# Wrestling Heels you enjoyed watching?



## Frank Rizzo (Nov 9, 2014)

Ok all of you Hulkamaniacs, here's a question that, hopefully, hasn't already been asked:

Growing up, did you guys have any heels that you really enjoyed watching? Maybe even cheered for?

For me, it was Mr. Perfect and Ric Flair.


----------



## cypocraphy (Nov 9, 2014)

I liked Jake Robert's heel stint in late 1991 and early 1992. He was just so evil. He was my favorite back then so I still liked him as a heel which was rare for me.

I fuckin' hated Rick Martel, DiBiase, and Mr. Perfect. But that just meant they were doing a good job


----------



## CatParty (Nov 9, 2014)




----------



## Frank Rizzo (Nov 9, 2014)

Oh man, Jake's feud with Macho Man was just so well done. Especially when he had his cobra bite Macho Man, then dared to slap around Elizabeth? You could just see the audience wanting to murder Jake right there and then.

Roddy bashing Snuka with the coconut was also incredible at the time.


----------



## CatParty (Nov 9, 2014)




----------



## cypocraphy (Nov 9, 2014)

Honky Tonk Man was also a great chicken shit heel.


----------



## Frank Rizzo (Nov 9, 2014)

bungholio said:


> Honky Tonk Man was also a great chicken shit heel.

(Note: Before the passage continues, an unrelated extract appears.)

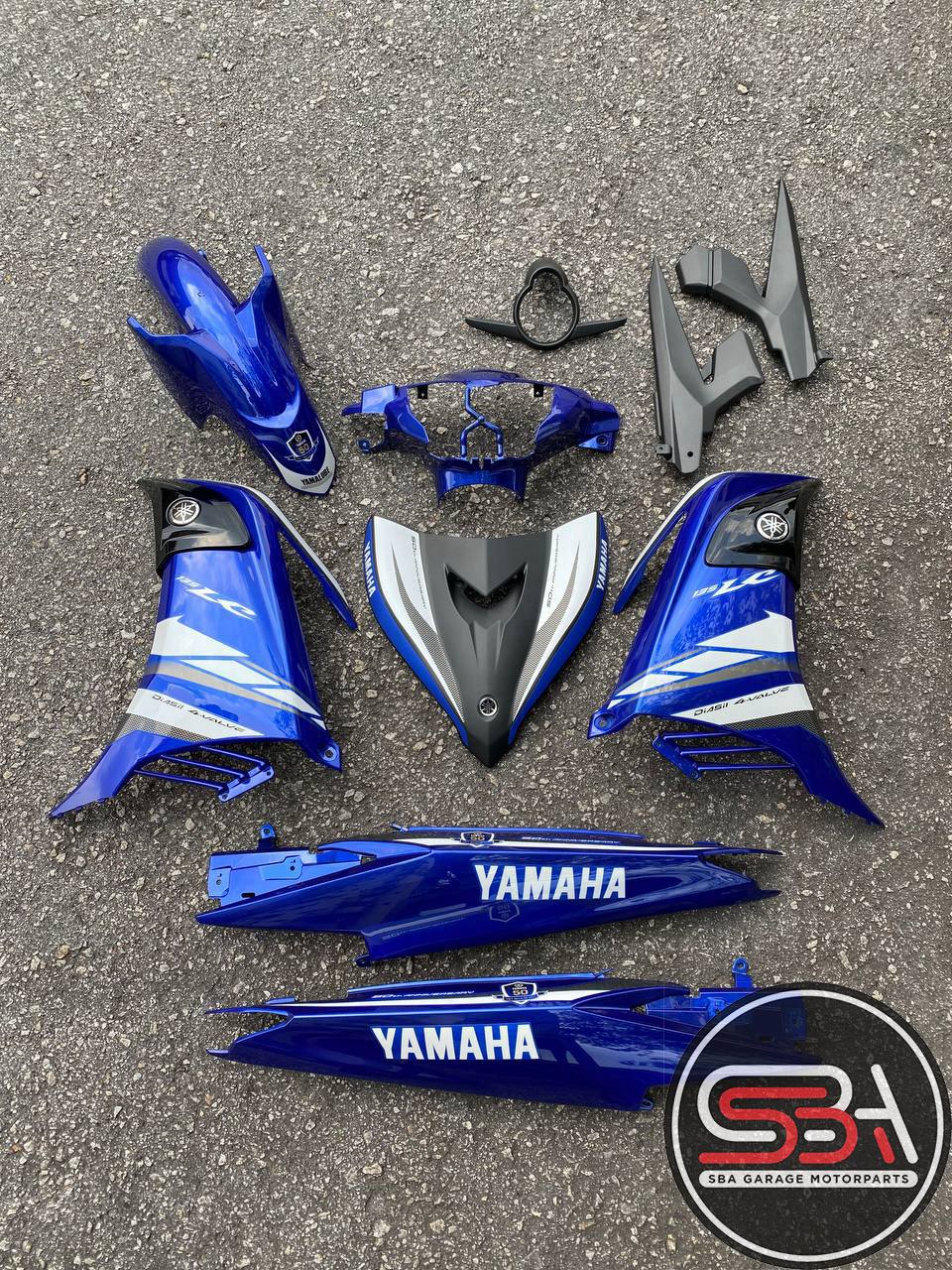 COVER SET YAMAHA ORIGINAL 50TH ANNIVERSARY LC135 V2 V3 4S 5S BIRU HITAM  FREE EMBLEM 100% HLY / VELOZI SIAP TAMPAL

No doubt about that. The way he would somehow weasel his way to victory while he was IC Champ that, by the time Ultimate Warrior squashed him for the title, the crowd went mental.


----------



## SonChu's Oil Change (Nov 9, 2014)

Dudley Boys during ECW


----------



## GS 281 (Nov 13, 2014)

Kevin Sullivan was good back in the day, not so much in WCW.
Vince McMahon did a good job with the Mr. McMahon stuff in 1999-2000.
Managers always did a good job though. They had to or they wouldn't eat. Cornette, Heenen, good work.
Terry Funk had some great heel runs. The match that made me a fan was Flair v. Funk at Clash of the Champions. "I Quit" Match.
Freebirds did good work, mainly Hayes.
One guy to watch out for who will be one hell of a heel will be Tyler Breeze. Not much now, but he seems bright and he lives his character out there. Not many heels do nowadays. Not many true heels nowadays.


----------



## cypocraphy (Nov 13, 2014)

I remember wanting Bret Hart to literally murder Jerry Lawler at SummerSlam 1993.


----------



## Yaoi Huntress Earth (Nov 21, 2014)

yawning sneasel said:


> One guy to watch out for who will be one hell of a heel will be Tyler Breeze. Not much now, but he seems bright and he lives his character out there. Not many heels do nowadays. Not many true heels nowadays.



He definitely has a good future ahead of him. Speaking of the Honkey Tonk Man, Bo Dallas had the potential to be this generation's answer to him. His phoney messages and cheerfulness reminded me of a parody of the generic shonen hero. It's a shame they dropped the ball on him.

Though Bobby Heenan was before my time when I started watching, he's a wonderful heel. I'd like to share this little scene.


----------



## GS 281 (Nov 21, 2014)

Heenen knew his place yet he stole the show. He was "only" a manager then "only" an announcer, but he added value every second on camera. About the only active guy who I think knows how to do that in a non-athletic role would be Paul Heyman, and he isn't near as good as Heenen, but Heenen was probably the greatest heel commentator ever. Ventura was decent, King WAS good, now everyone sucks. They all suck. Except the NXT teams. Jason Albert is learning, A-Ry is okay, Renee Young can be goofy but I'd like her as a third. They're all better than Cole and King of today. JBL is fine, but in the post-Heenen years, the best heel commentator has been King from 96-02.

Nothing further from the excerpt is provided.